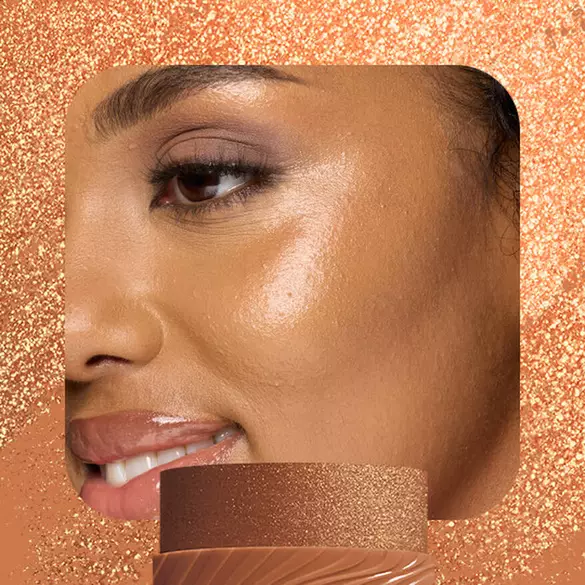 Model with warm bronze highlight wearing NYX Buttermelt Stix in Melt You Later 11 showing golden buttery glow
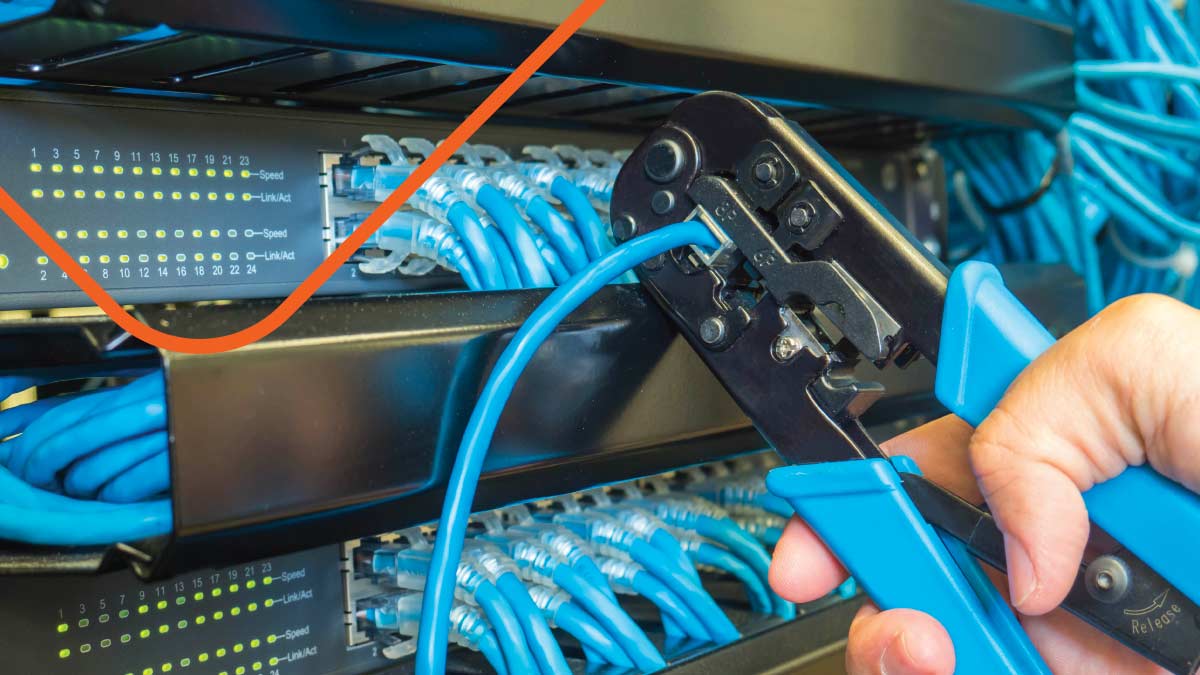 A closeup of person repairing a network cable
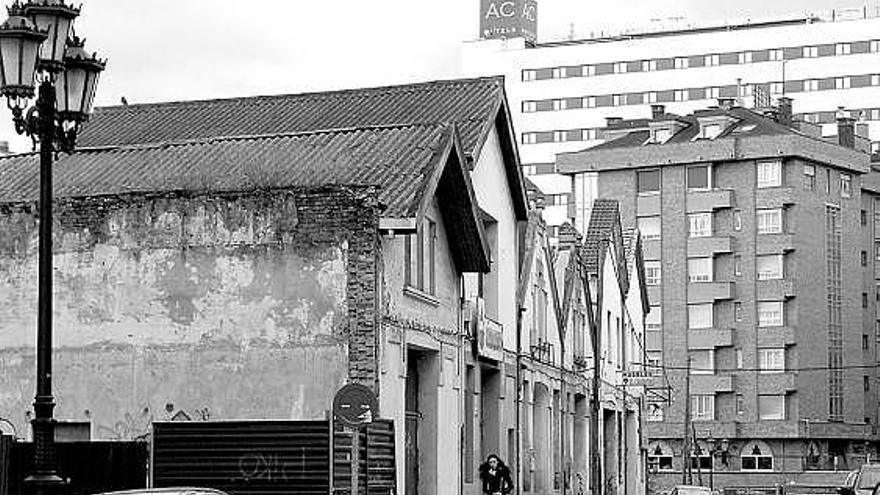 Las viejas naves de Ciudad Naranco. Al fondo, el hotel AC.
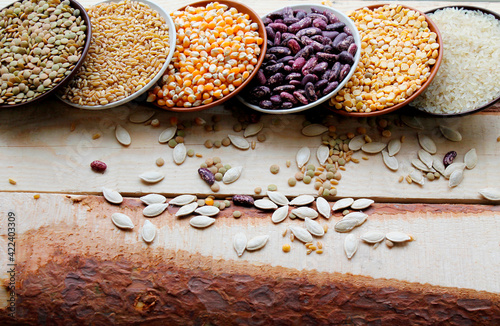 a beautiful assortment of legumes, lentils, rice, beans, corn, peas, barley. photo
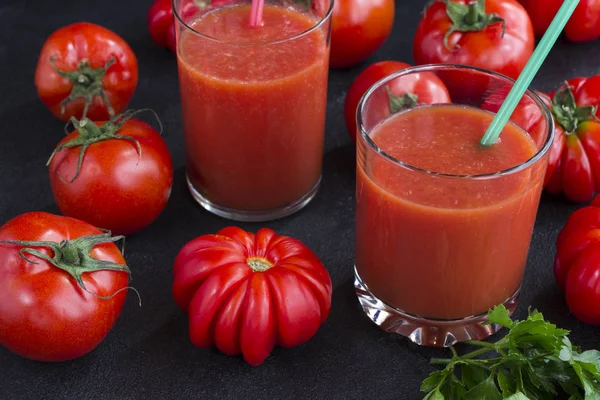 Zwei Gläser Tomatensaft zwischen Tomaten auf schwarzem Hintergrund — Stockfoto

━━━━━━━━━━━━━━━━━━━━━━━━━━━━━━

## Problem requirements
Write out the entries again, exactly as given, skipping any images.

## Result of this exercise
 Model with warm bronze highlight wearing NYX Buttermelt Stix in Melt You Later 11 showing golden buttery glow
 A closeup of person repairing a network cable
 Las viejas naves de Ciudad Naranco. Al fondo, el hotel AC.
 a beautiful assortment of legumes, lentils, rice, beans, corn, peas, barley. photo
 Zwei Gläser Tomatensaft zwischen Tomaten auf schwarzem Hintergrund — Stockfoto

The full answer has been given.